Yesterday the Casual Restaurant Critic, along with the always lovely Better Half and two other guests of Yucatecan extraction were in sunny Ticul, the clay pot and shoe capital of the area. Ticul is also home to Los Almendros, the Yucatecan restaurant to go to back in the day.

No longer.

The Critic was aghast at the decline of this once-great culinary destination. The restaurant itself looks pretty much the same, with plenty of religious paintings hanging on the walls, above aesthetically-challenged lamps with energy saving bulbs protruding from their petal-like openings and non-functioning mini-split air conditioner units. One must assume that the air conditioning is for a) really hot weather (hard to imagine it getting any hotter than April) or b) for when the restaurant is full, which might be never.
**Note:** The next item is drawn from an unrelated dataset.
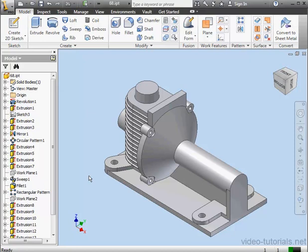Welcome back, this is our seventh lesson on creating the gear housing. In this lesson, we'll create the cooling ribs for the back housing.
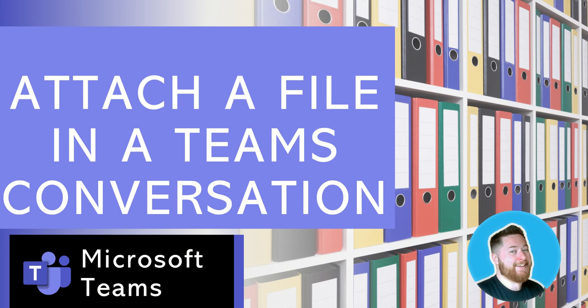Hi, it's Dougie Wood, and in this continuation of the Microsoft Teams Tips series, today we're going to be talking about how to attach a file inside of a Microsoft Teams conversation. There's a couple of different ways of going about this, so let's jump in and take a look.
The courtyard in the back has been converted to a hotel and the lobby entrance is at one side of the restaurant. Evidence that the breakfast for the hotel is served here includes the buffet table, still strewn with coffee machines, cups, a few boxes of Zucaritas mini cereal boxes and some thermoses; this is at 4 in the afternoon. The Critic suspects this makes setting up the next mornings breakfast service so much easier; a quick rearranging of these items will greet guests when they wake up for their all-inclusive 60 peso breakfast.

Orange juice was refreshing and tasted fresh, the pitchers are filled from bags of orange juice stored in the fridge behind the bar. Guacamole, ordered by the afore-mentioned Yucatecans, was fresh enough and came with crunchy tostadas. Everyone ordered Poc Chuc and the pork was tasty, tender and there was lots of it on the plate. The big dissappointment was the Critics favorite, Queso Relleno which was nothing like a queso relleno eaten – and enjoyed – elsewhere. A bit of cheese covered meat, which looked like a pate, swimming in a large bowl-like plate filled with corn-starch kol which was strewn with bits of cheese, tomato sauce and turkey. What the hell the turkey was doing in there baffled the Critic who was unable to finish the unappealing dish as it just seemed like the kitchen had combined a bit of Queso Relleno with some Pavo en Relleno Blanco that was lying around.
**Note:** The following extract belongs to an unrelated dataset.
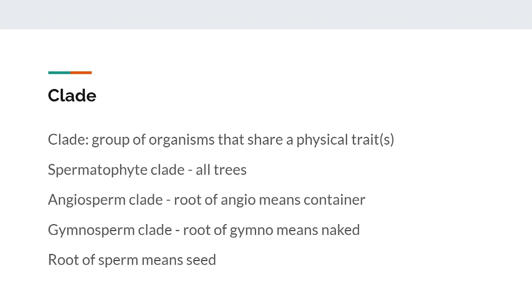A common term in taxonomy is a clade, or a group of organisms that share certain physical traits. All of the trees on the 2023 national tree list are contained in the spermatophyte clade, and the shared trait of this clade is that organisms are all plants that make seeds. This clade can be broken into two smaller clades: angiosperms and gymnosperms. Every tree on the list is in one of these two clades, and knowing the shared characteristics of each clade is very important to your understanding of trees.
Tortillas were fresh and decent enough and of the hand-made variety, although they weren’t nearly of the consistency, flavor or freshness of those served at the Principe Tutul Xiu in Mani. Usually Poc Chuc is served with a small bowl of Frijol Colado, which is cooked black beans, strained (not ground up in a blender) served like a soup on the side. The beans only came along after being asked for and to the Critic, tasted a little off, but everyone else seemed to think they were beyond excellent, so the Critic must have been negatively influenced by the horrendous queso relleno, which surely clouded his judgement.

Service was poor to average at best, what with the television blaring over the cash register area and providing entertainment for the staff from which it was necessary to tear them away to get any kind of service. Dirty dishes remained on the table for ever, and don’t even get the Critic started on the coffee.

The coffee! This was very possibly the worst “coffee” ever encountered by the Critic or his guests, anywhere in the Yucatan, ever. With a bouquet that was distinctly reminiscent of burnt tortillas, the hot, dark water in the cup tasted like the proverbial agua de calcetin (dirty sock water) and was literally undrinkable.

Lunch as described, for 4 persons with two pitchers of orange juice came to about 500 pesos and really, they should be paying the guests to eat here, not the other way around.

What a shame that this once-proud and fine Yucatecan bastion of good eating has degenerated to such absolute misery.

Avoid, avoid, avoid.

Fruteria La Jarochita

There’re probably a million fruterias in Merida now; this is one of them, called La Jarochita which means “little woman from Veracruz” but rather than little, the ita (or ito) at the end of the word Jarocho a term of endearment.

I stopped by for some fresh squeezed carrot & orange juice and the afternoon light was again, like the “doors and facades” moment before, fantastic. Each fruit displayed looked like fat colorful jewelry. Alas, I did not have my camera with me, only the ubiquitous iPhone.